Introducing CVCUDA Backend #9259

AntoineSimoulin · 2025-11-06T19:31:31Z

Summary

This PR provides the first building blocks for CV-CUDA integration in torchvision. We add the functionals to_cvcuda_tensor and cvcuda_to_tensor to transform from torch.Tensor to cvcuda.Tensor and back. We also implement the corresponding class transforms ToCVCUDATensor and CVCUDAToTensor. These transforms require CV-CUDA to be installed.

How to use

from PIL import Image
import torchvision.transforms.v2.functional as F 

# Create rand ``torch.Tensor`` image (must be 3-channel RGB/Gray and have batch dimension)
img_tensor = torch.randint(0, 256, (1, 3, 320, 240), dtype=torch.uint8)

# Convert to ``cvcuda.Tensor`` (will be uploaded to CUDA)
cvcuda_tensor = F.to_cvcuda_tensor(img_tensor)

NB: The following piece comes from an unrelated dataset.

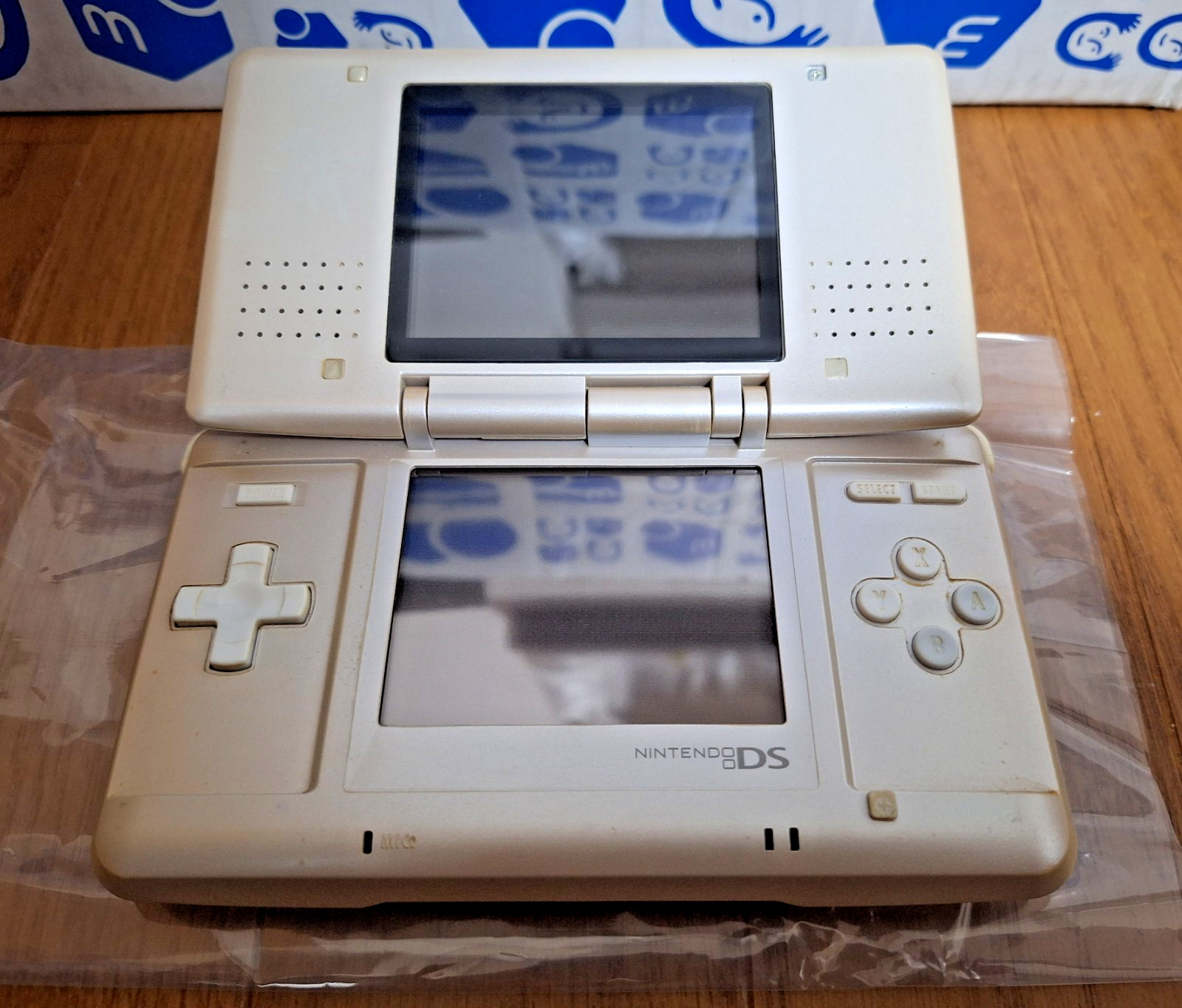 Nintendo DS Mew Limited Edition Pokemon Center Console *BEAUTIFUL BOX*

# Convert back to ``torch.Tensor``
img_tensor = F.cvcuda_to_tensor(cvcuda_tensor)

Note

cvcuda.Tensor are automatically converted to NHWC shape (since most CV-CUDA transforms only support this shape)
Only 3-channel RGB images and 1-channel grayscale are supported for now
Input tensors will be uploaded to CUDA device when converting to CV-CUDA tensors
CV-CUDA must be installed: pip install cvcuda-cu12 (CUDA 12) or pip install cvcuda-cu11 (CUDA 11)

Run unit tests

pytest test/test_transforms_v2.py -k "cvcuda"
...
338 passed, 9774 deselected in 1.65s

Differential Revision: D85862362

pytorch-bot · 2025-11-06T19:31:34Z

🔗 Helpful Links

🧪 See artifacts and rendered test results at hud.pytorch.org/pr/pytorch/vision/9259

📄 Preview Python docs built from this PR

Note: Links to docs will display an error until the docs builds have been completed.

❌ 6 New Failures

As of commit ccf1a36 with merge base acccf86 ():

NEW FAILURES - The following jobs have failed:

Tests / unittests-linux (3.10, linux.12xlarge, cpu) / linux-job (gh)
test/test_transforms_v2.py::TestJPEG::test_functional[make_image]
Tests / unittests-linux (3.10, linux.g5.4xlarge.nvidia.gpu, cuda, 12.6) / linux-job (gh)
test/test_transforms_v2.py::TestLinearTransform::test_transform[cuda-dtype1-make_image_tensor]
Tests / unittests-linux (3.11, linux.12xlarge, cpu) / linux-job (gh)
test/test_transforms_v2.py::TestJPEG::test_functional[make_image]
Tests / unittests-macos (3.10, macos-m1-stable) / macos-job (gh)
test/test_transforms_v2.py::TestJPEG::test_functional[make_image]
Tests / unittests-windows (3.10, windows.4xlarge, cpu) / windows-job (gh)
test/test_transforms_v2.py::TestJPEG::test_functional[make_image]
Tests / unittests-windows (3.11, windows.4xlarge, cpu) / windows-job (gh)
test/test_transforms_v2.py::TestJPEG::test_functional[make_image]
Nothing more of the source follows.